§ Aim of the task: Taking only the lines of the data below from the line with "July 18, 2018." to the line with "Νεαρός άντρας που", ends included, write them out exactly and without pictures.

--- Data in this exercise Enclosed Below ---

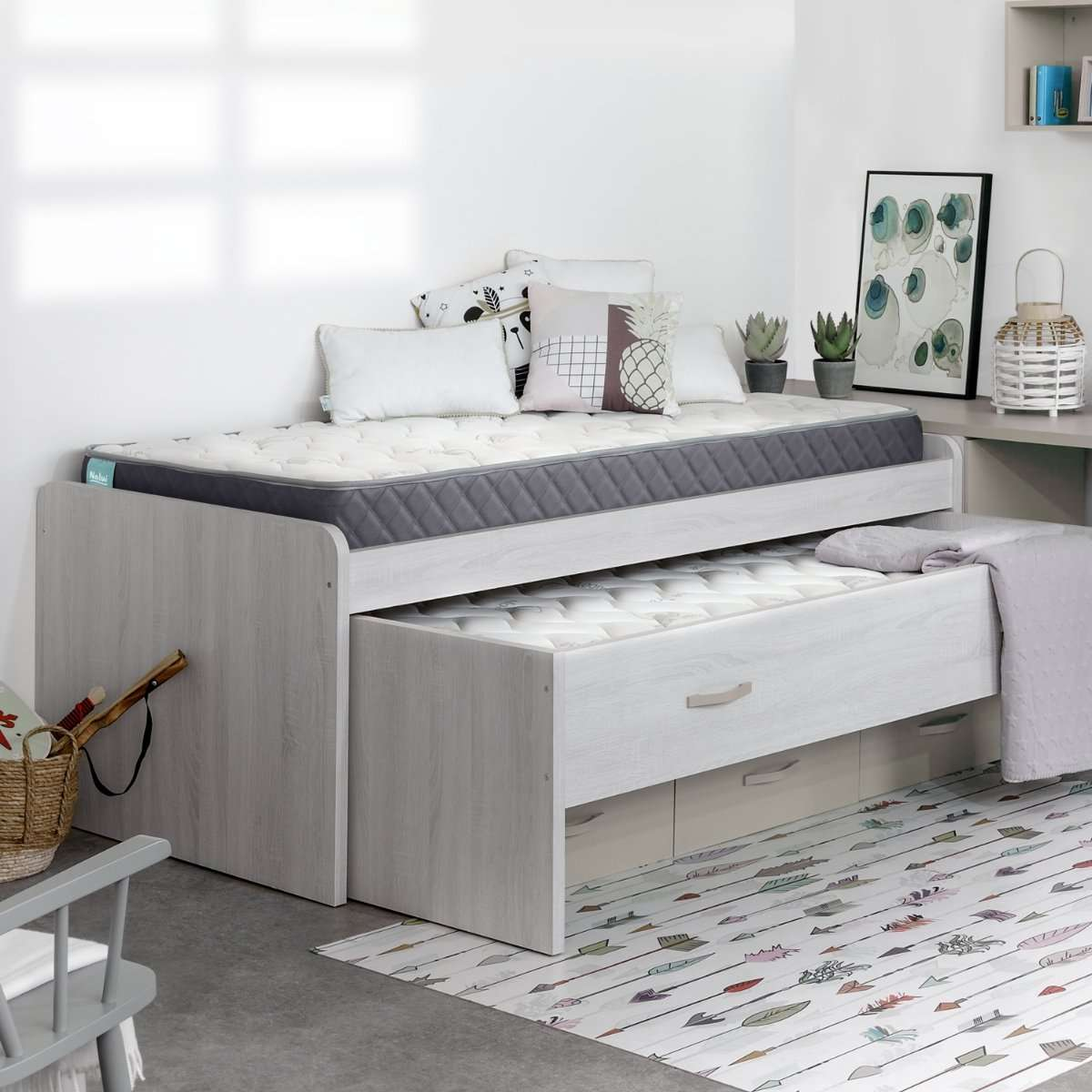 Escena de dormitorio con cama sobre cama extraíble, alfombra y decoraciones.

--- End of Enclosed Data in this exercise ---
--- Data in this exercise Enclosed Below ---

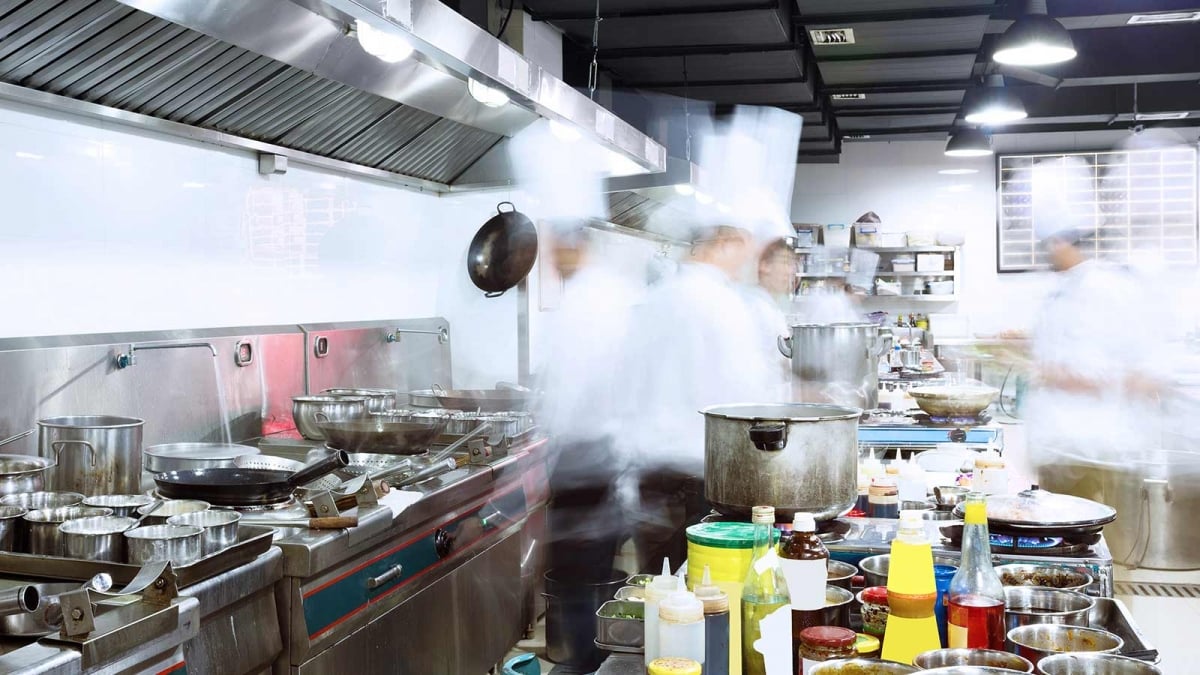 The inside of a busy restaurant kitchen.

--- End of Enclosed Data in this exercise ---
--- Data in this exercise Enclosed Below ---

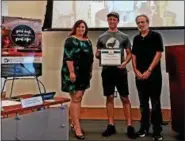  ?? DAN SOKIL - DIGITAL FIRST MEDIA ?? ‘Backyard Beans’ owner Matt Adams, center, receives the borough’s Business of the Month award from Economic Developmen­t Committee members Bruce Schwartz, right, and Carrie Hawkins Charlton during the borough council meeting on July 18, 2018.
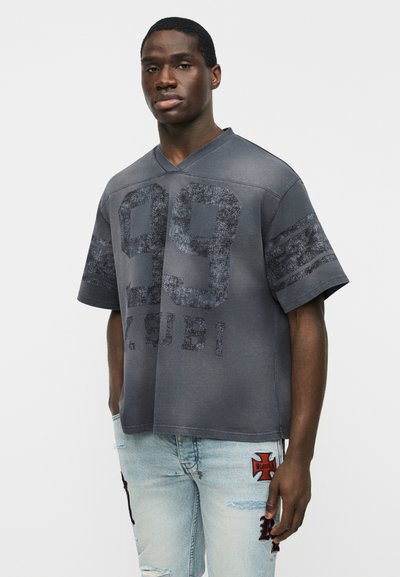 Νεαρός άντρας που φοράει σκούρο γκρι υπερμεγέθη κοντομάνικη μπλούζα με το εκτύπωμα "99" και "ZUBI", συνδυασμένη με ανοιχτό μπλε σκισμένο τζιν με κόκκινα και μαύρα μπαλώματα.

--- End of Enclosed Data in this exercise ---

§ Task answer:
  ?? DAN SOKIL - DIGITAL FIRST MEDIA ?? ‘Backyard Beans’ owner Matt Adams, center, receives the borough’s Business of the Month award from Economic Developmen­t Committee members Bruce Schwartz, right, and Carrie Hawkins Charlton during the borough council meeting on July 18, 2018.
 Νεαρός άντρας που φοράει σκούρο γκρι υπερμεγέθη κοντομάνικη μπλούζα με το εκτύπωμα "99" και "ZUBI", συνδυασμένη με ανοιχτό μπλε σκισμένο τζιν με κόκκινα και μαύρα μπαλώματα.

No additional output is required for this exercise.